Speaking of Sickling
I am always mindful of how I use words, especially when helping students understand how to do a move or form a position. Because I teach from a wheelchair and do not demonstrate, it is my words a dancer must process to make or break development. In 21 years of teaching, the most challenging problem to address is a sickled foot.
“Sickles are gorgeous moons and handy as tools used to harvest wheat,” I say. “But they do not belong at the end of a beautiful, elongated leg following the strike of a frappé!” My dancers laugh, so I know they’re envisioning the image. To show it on the body, I have an offender stand at the barre and look in the mirror both in profile and en face while pointing the foot. I tell her to turn the sickled foot into the wing of a graceful bird.
Demonstrating with my hand, I simulate a sickle and a wing, tracing the outline of each as I describe which foot muscles are used and felt in each position.
A helpful exercise is to have students place a strap under the ball of the foot. Pulling both ends tight, they flex and point the foot, carefully maintaining proper alignment. Repeating this exercise often will strengthen the correct muscles.
I don’t encourage winging, but working the foot toward the wing direction from a sickle helps access the muscles needed and builds muscle memory for a non-sickled position. At first the dancers might experience some discomfort since the foot has been used incorrectly, often for quite a while. I tell them the discomfort means they are working correctly and will disappear with time.

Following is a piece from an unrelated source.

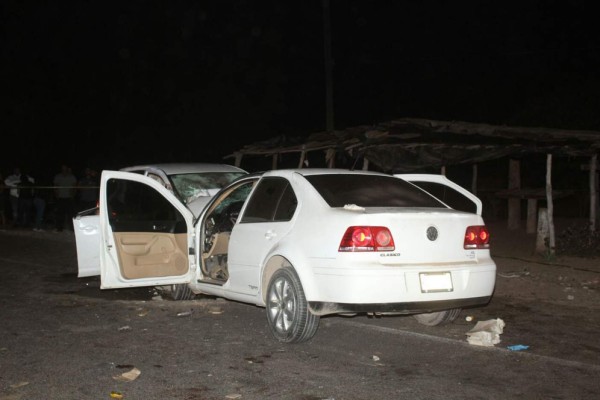 Adulto mayor y dos menores de edad mueren en choque en carretera Culiacán-Eldorado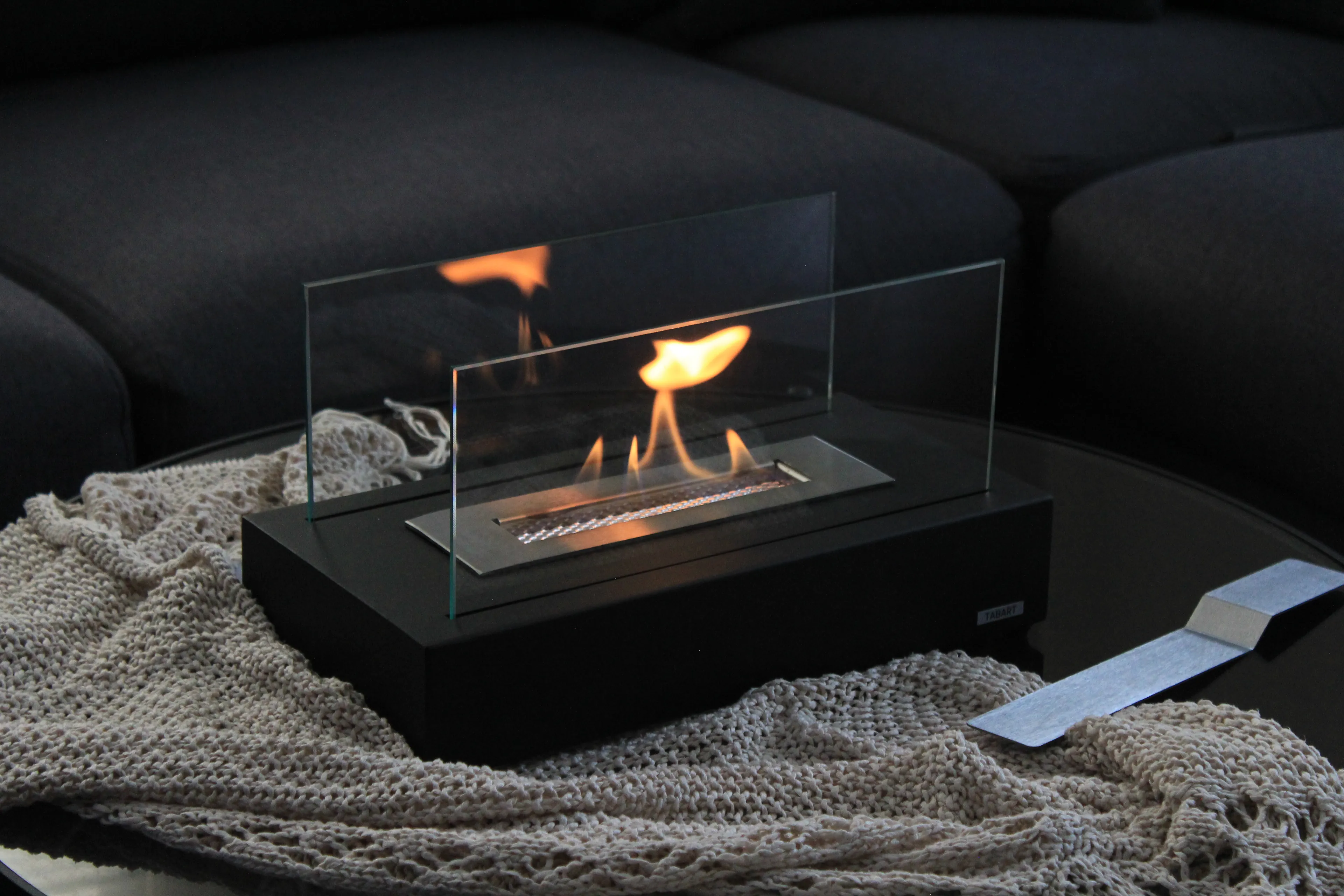 BLACK-Iron v.1 Metal Şömine +1 Litre Şömine Yakıtı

Eventually, the dancers see the payoff, as they discover that they can relevé, piqué, turn, and sauté with ease on a properly aligned foot.
—Carol Crawford Smith
Use Space Wisely
Many studio teachers face the task of teaching students to move as big and full as they can when the studio isn’t large enough to accommodate them. Time and again, the students spend the first half of the combination dancing big and the second half doing their best to not hit a wall or a fellow student.
There are multiple ways to think of space. If the size of the studio does not allow the students to travel very far, focus on the use of the kinesphere, or a dancer’s personal space. Have students imagine being inside a bubble or a clear plastic gerbil ball. Instructing them to stretch to the edge of their kinesphere brings fullness to their movement, even when locomotion is constrained.

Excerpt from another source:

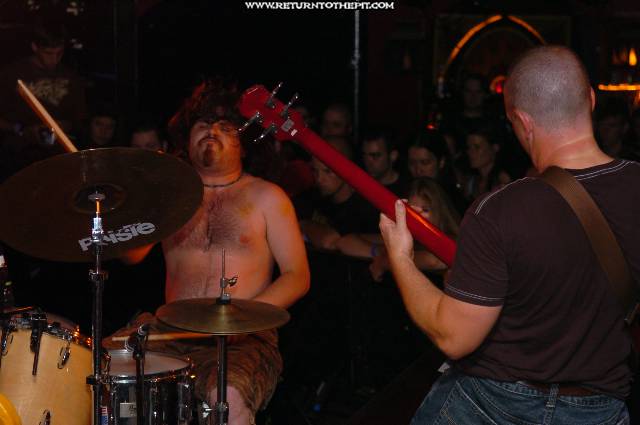 [conifer on Jul 17, 2005 at Middle East (Cambridge, Ma)]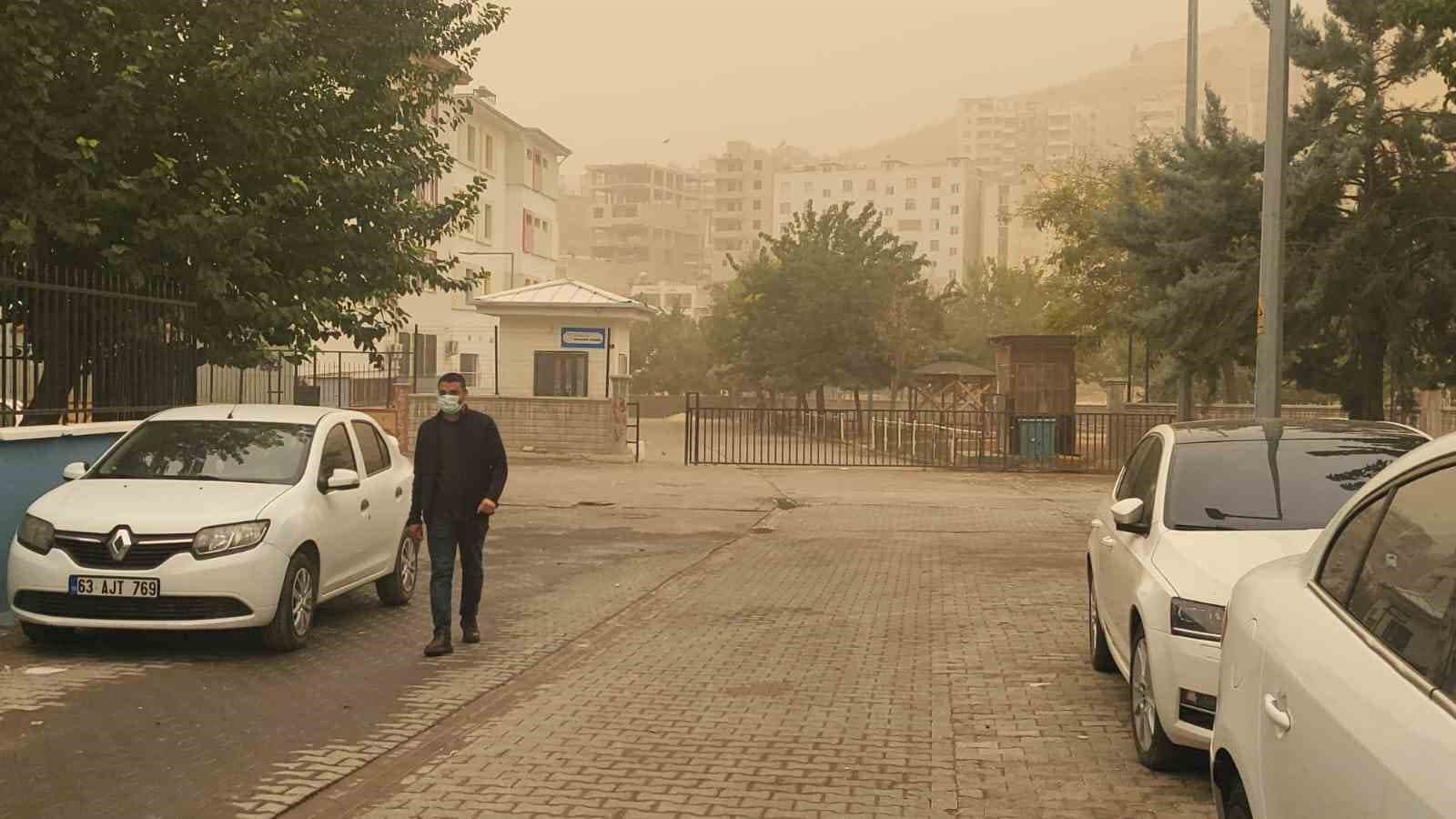 Şanlıurfa'da Tozlu Hava Durumu Yaşamı Etkilendi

I often ask students to focus on each portion of a combination separately. They should practice the fullness of transition steps—for example, tombé pas de bourrée (emphasizing how the back leg propels the body forward—the “push”)—or focusing on lengthening the front leg (the “reach”). Students should also practice the larger elements of a combination—such as grand jeté—separately, paying attention to the height, momentum, exit after the leap, and details of the port de bras and focus.

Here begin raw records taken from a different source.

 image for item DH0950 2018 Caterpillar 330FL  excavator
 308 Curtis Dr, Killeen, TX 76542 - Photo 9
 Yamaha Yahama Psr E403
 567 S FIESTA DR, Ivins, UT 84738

If they are reaching as far as they can within their personal space—that is, fully utilizing their kinesphere—they can put the elements of the combination back together and dance fully, using all of the available space. They will have learned how to adjust the size of the steps in space while maintaining the rhythm, pattern, and a sense of far-reaching kinesphere.
For advanced students, having them arc at the end of a traveling combination to face the side wall also allows them to move big even in a small space. They can imagine performing on a stage that is surrounded by an audience rather than on a proscenium stage. (That little change might be difficult for younger dancers to manage.)